§ **ACTION ITEM**
Print the data once more, exactly as given. Drop the pictures.

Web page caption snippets
====================

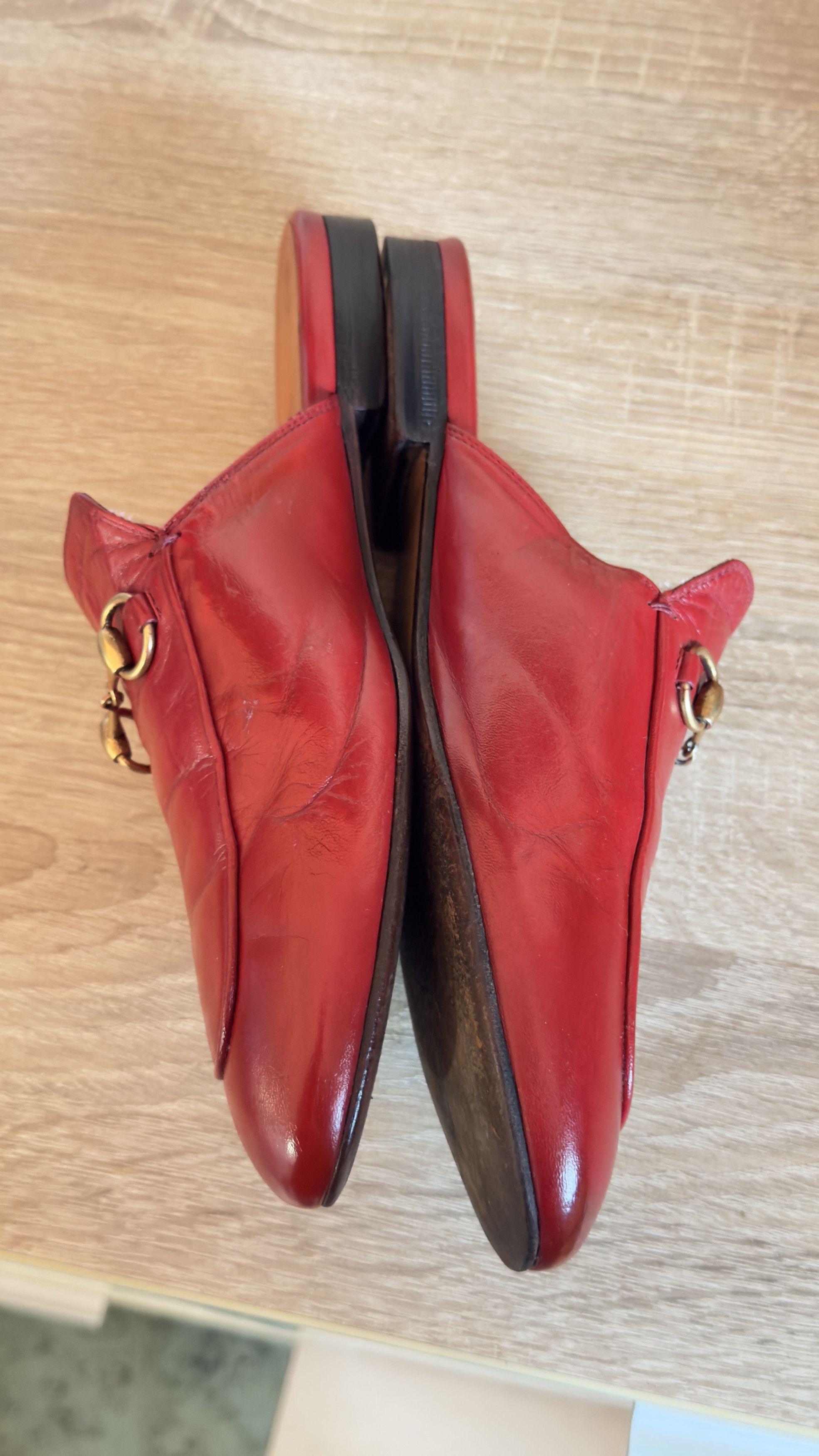 Gucci 🔥 Gucci clogs princetown horse red leather size 8 Us 38 eu Size US 8 / IT 38 - 4 Thumbnail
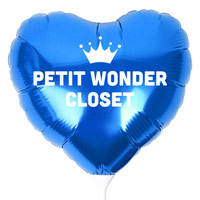 ハート型フィルム風船 25cm（100個セット）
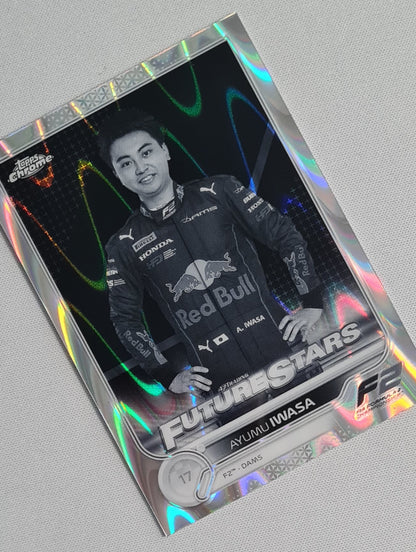 Ayumu Iwasa - 2022 Topps Chrome F2 tm DAMS  #92 Black & White Ray Wave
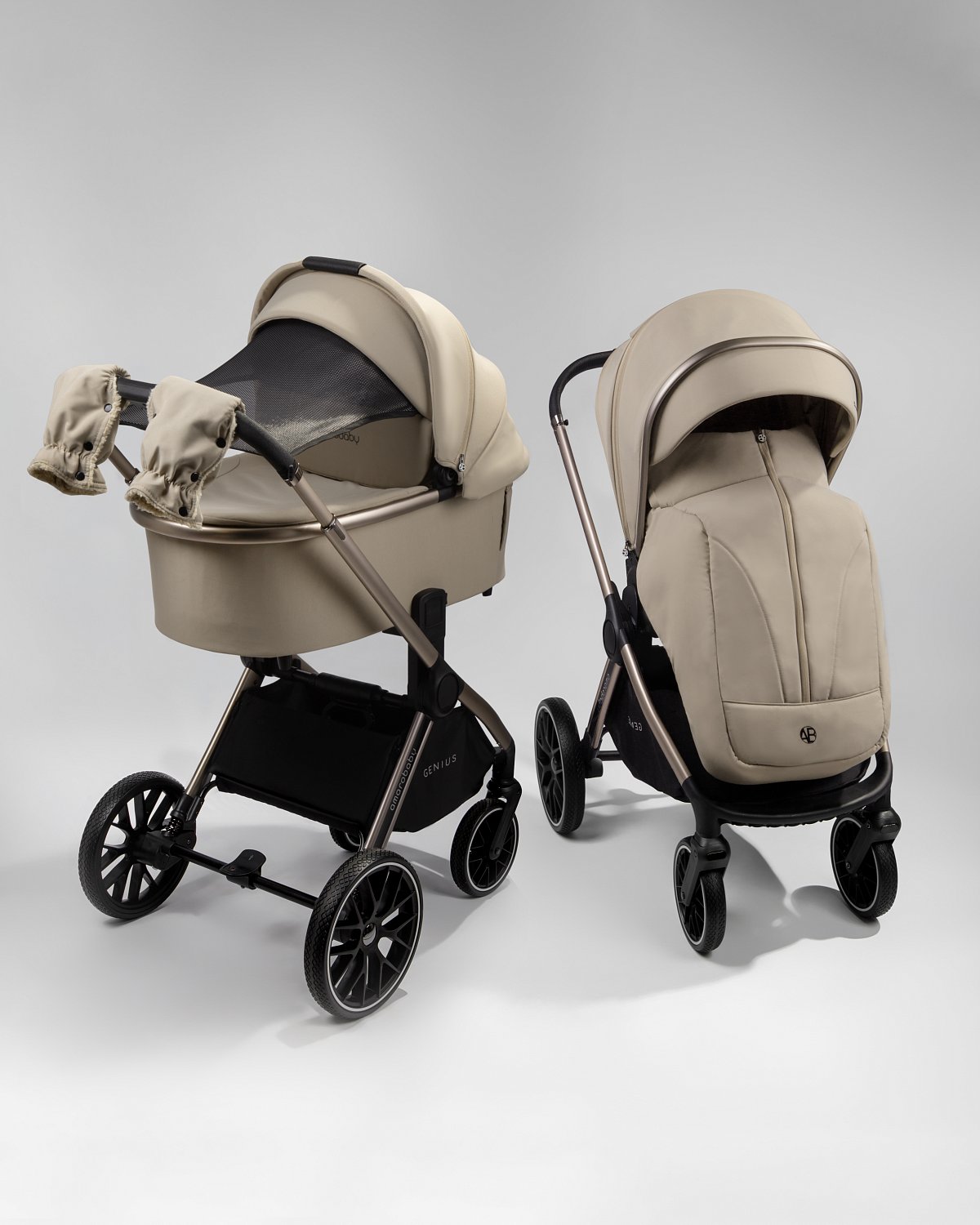 Amarobaby Коляска 2 в 1 Genius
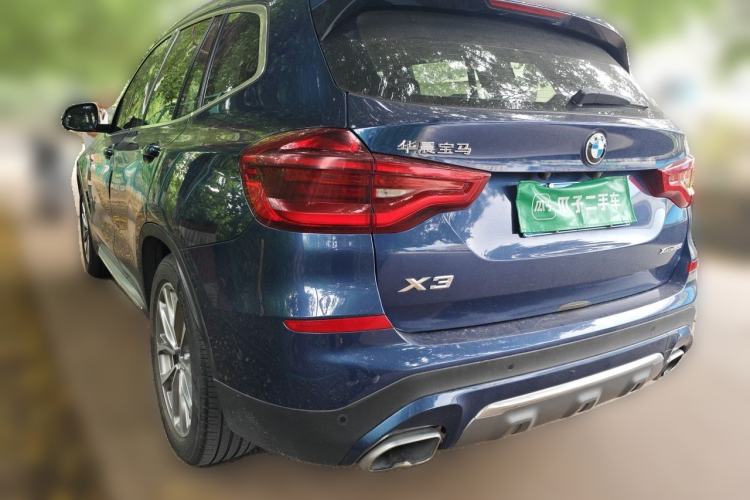 Used BMW X3 2019 xDrive25i Luxury Package Rear Left 45 Deg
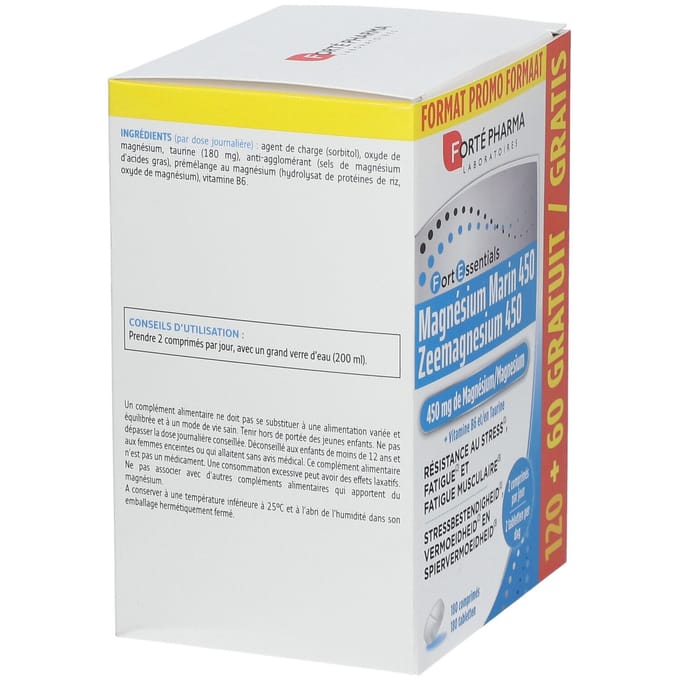 Forté Pharma Zeemagnesium 450 + 60 GRATIS 180 Tabletten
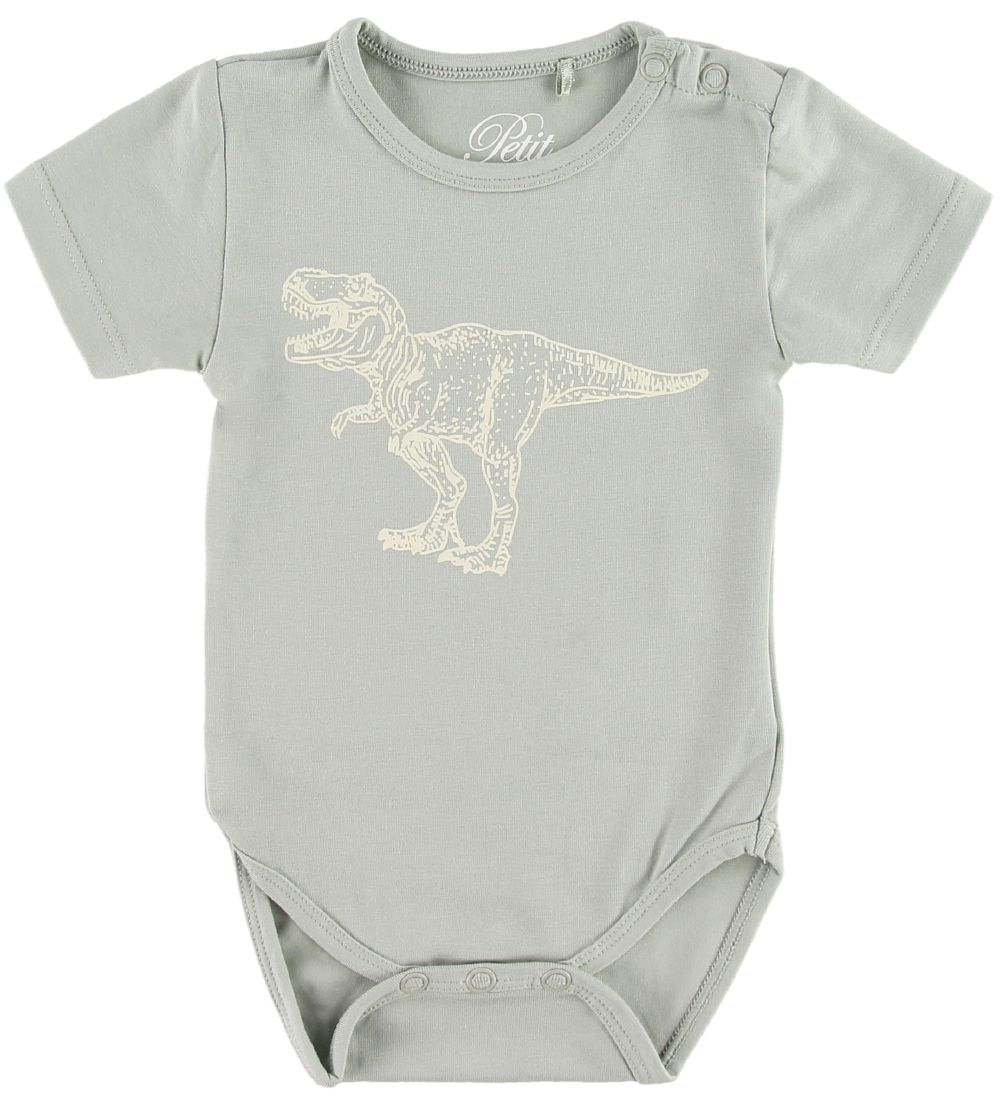 Petit by Sofie Schnoor Body k/ - Aske - Mint m. Dinosaurus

====================

§ **ANSWER SPACE**
 Gucci 🔥 Gucci clogs princetown horse red leather size 8 Us 38 eu Size US 8 / IT 38 - 4 Thumbnail
 ハート型フィルム風船 25cm（100個セット）
 Ayumu Iwasa - 2022 Topps Chrome F2 tm DAMS  #92 Black & White Ray Wave
 Amarobaby Коляска 2 в 1 Genius
 Used BMW X3 2019 xDrive25i Luxury Package Rear Left 45 Deg
 Forté Pharma Zeemagnesium 450 + 60 GRATIS 180 Tabletten
 Petit by Sofie Schnoor Body k/ - Aske - Mint m. Dinosaurus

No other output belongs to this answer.